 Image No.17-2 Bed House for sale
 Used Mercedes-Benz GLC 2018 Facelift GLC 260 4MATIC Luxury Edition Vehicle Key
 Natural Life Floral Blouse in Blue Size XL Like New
---
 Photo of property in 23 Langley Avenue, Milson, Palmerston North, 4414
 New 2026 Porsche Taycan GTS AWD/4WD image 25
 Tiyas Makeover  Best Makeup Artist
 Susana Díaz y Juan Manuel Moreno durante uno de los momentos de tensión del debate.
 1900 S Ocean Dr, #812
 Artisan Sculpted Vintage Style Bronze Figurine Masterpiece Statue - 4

■ TASK DESCRIPTION ■
Print again the lines of the entries above that fall between the line holding "Used Mercedes-Benz GLC" and the line holding "Natural Life Floral", inclusive, exactly as they stand.

■ ANSWER AREA ■
 Used Mercedes-Benz GLC 2018 Facelift GLC 260 4MATIC Luxury Edition Vehicle Key
 Natural Life Floral Blouse in Blue Size XL Like New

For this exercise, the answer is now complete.